JeremieLitzler/deadlinkprobe

Repository files navigation

Dead Link Checker

A CLI tool to detect broken links on any website. Given a starting URL, it crawls all internal pages recursively, collects external links, checks their HTTP status codes, and outputs a CSV report.

Features

  • Recursive crawling of all internal links
  • External links checked but not followed
  • Visited URL tracking to prevent infinite loops
  • Parallel HTTP requests for performance
  • CSV output: link, referrer, http_status_code
  • Markdown summary of non-200 results per scan
  • Email notification via the Resend API when non-200 results are found

Installation

Requires Python 3.10+.

pip install -r requirements.txt

Usage

python src/checker.py <start_url> [options]
Option Default Description
start_url (required) The URL to begin crawling from (must use http or https)
--output, -o scans/[WEBSITE]/[TIMESTAMP]/results.csv Path to the output CSV file
--workers, -w 10 Number of parallel threads
--timeout, -t 10 Per-request timeout in seconds
--user-agent deadlinkprobe/1.0 User-Agent header sent with every request
--notify-email (omitted) Recipient address for a post-scan email notification

When --output is omitted, results are written to scans/[WEBSITE]/[TIMESTAMP]/ and a README.md summary is produced alongside results.csv.

Example:

python src/checker.py https://example.com --output report.csv --workers 20

Email notifications

Pass --notify-email with a recipient address to receive a summary email after each scan.
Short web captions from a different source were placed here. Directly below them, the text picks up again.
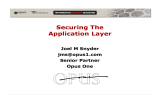 Securing The Application Layer Joel M Snyder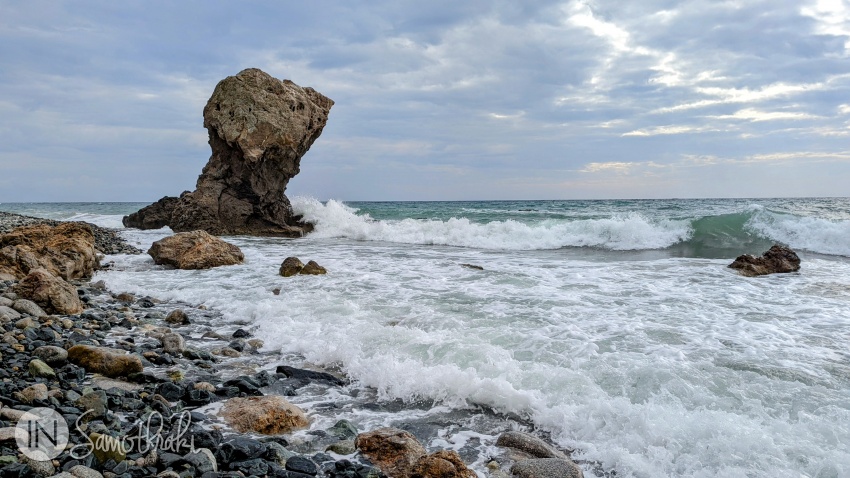 Marea înspumată la Stroggilos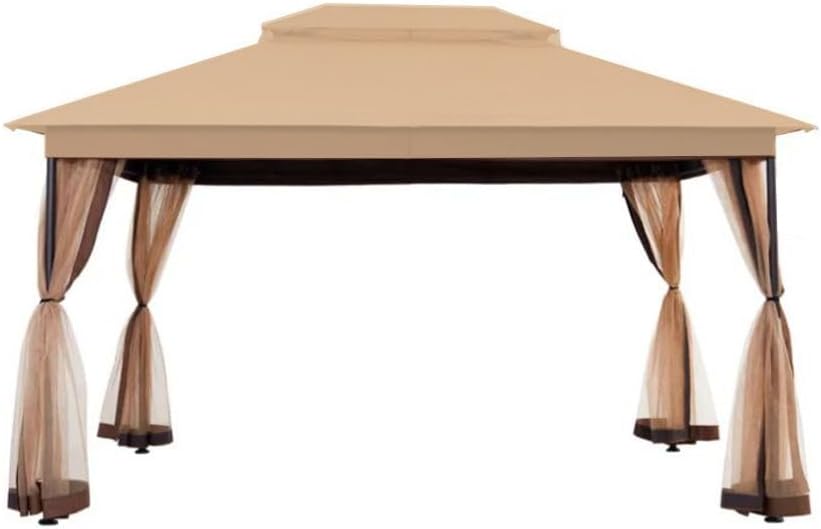 Garden Winds Custom Fit Replacement Canopy Top Cover Compatible with The StarEcho SE481013CA, PT0148C2S, AHGUS-CM-PT0148C2S 13' x 10' Gazebo - Upgraded Performance RipLock 350 Fabric
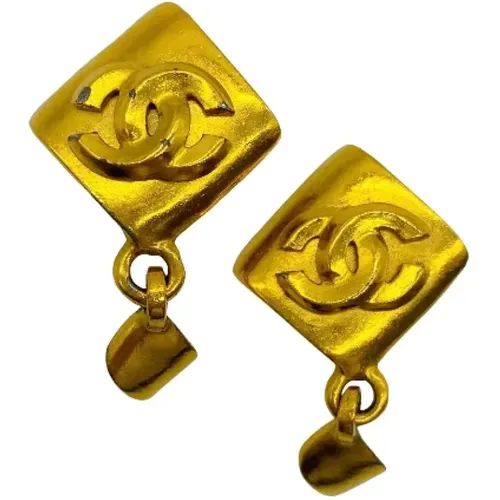 Pre-owned Jewellery, female, , Size: ONE SIZE Pre-owned Metal earrings - Chanel Vintage - Modalova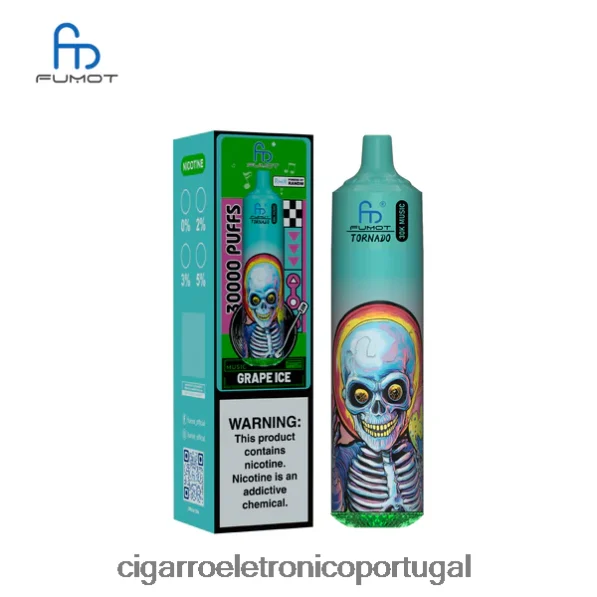 Cigarro Eletrónico Preço Portugal – Fumot Tornado 30k música gelo de uva TX2F6B13
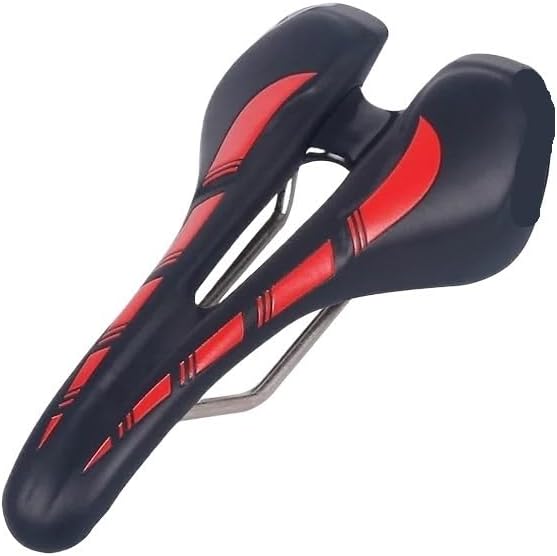 MTB Road Bicycle Ergonomic Saddle Seat EVA Cushioned Microfiber Leather Hollow Design Steel Rail Cycling Accessories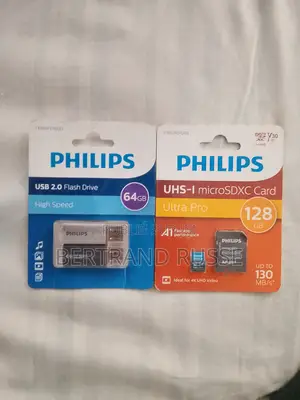 Flash Usb and Card Sd 128 Gb Brand Philips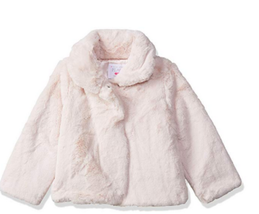 The Childrens Place Baby Girls Faux Fur Jacket, Size 12/18 Months - £15.12 GBP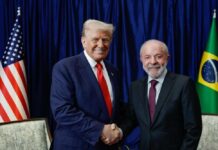 Lula e Trump se encontram na Malásia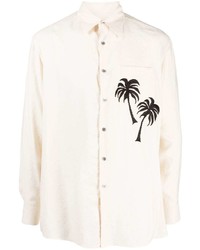 Emporio Armani Palm Tree Patch Long Sleeve Shirt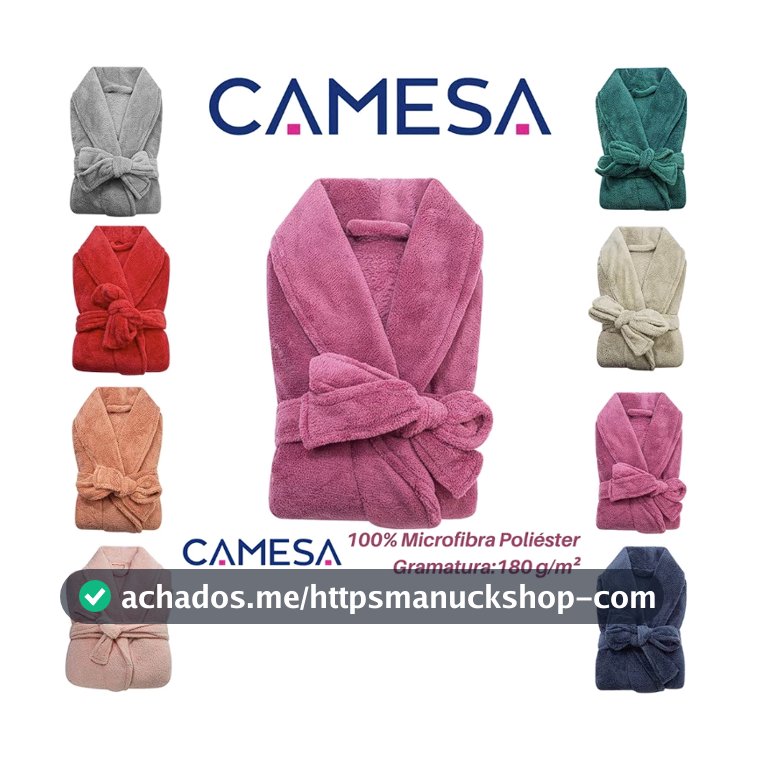 Roupão Plush Microfibra Adulto Extra Macio Unissex Várias Cores Tamanho Único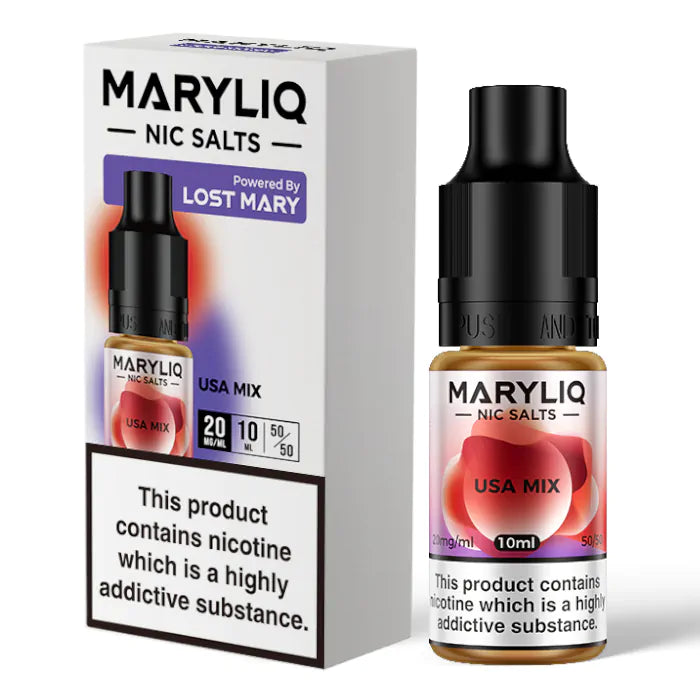 MARYLIQ by Lost Mary USA Mix Nic Salt E-Liquid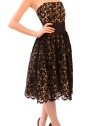 Milly of NY Floral Lace Dress Black 4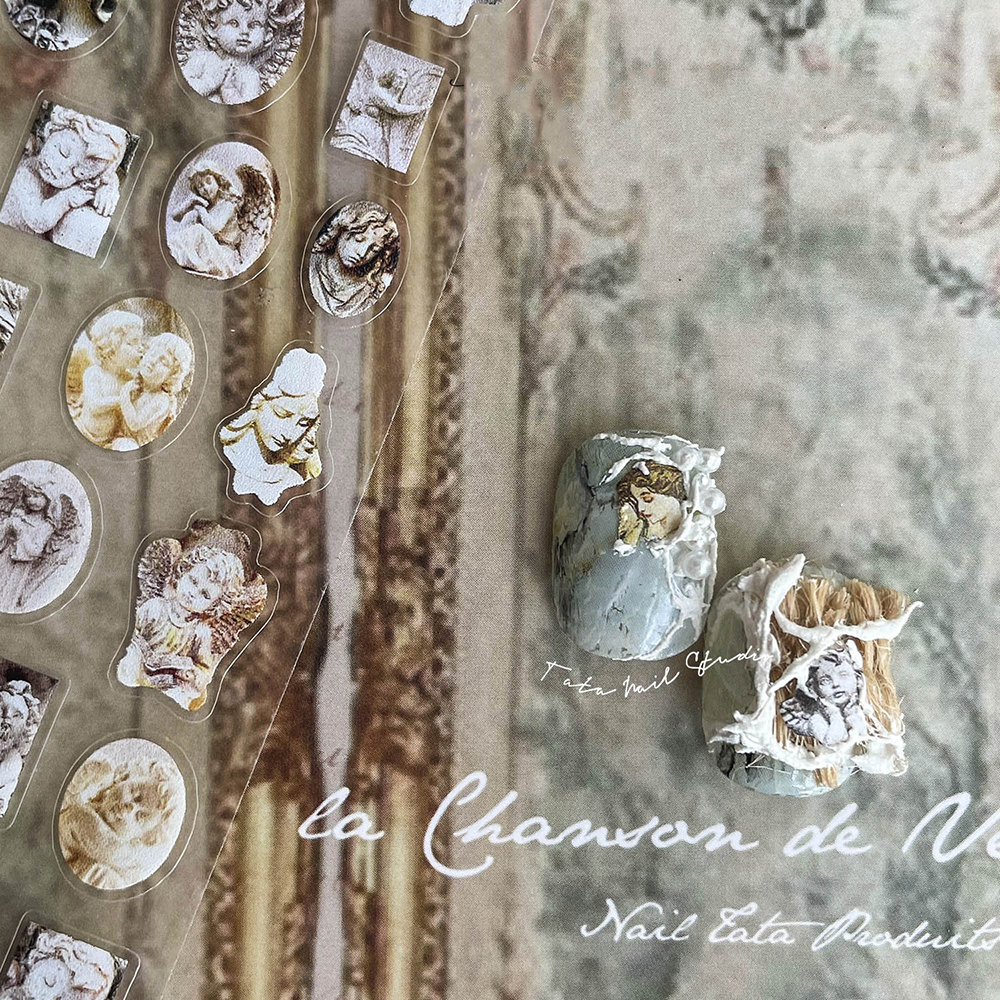 [Hàng mới về] Miếng dán trang trí móng phong cách Boho cổ điển siêu mỏng DIY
Three environment variables must be set:

Variable Description
RESEND_API_KEY API key from your Resend account
RESEND_FROM_ADDRESS Verified sender address in Resend
export RESEND_API_KEY=re_xxx
export RESEND_FROM_ADDRESS=scanner@yourdomain.com
python src/checker.py https://example.com --notify-email you@example.com

See Resend website for setting up your account.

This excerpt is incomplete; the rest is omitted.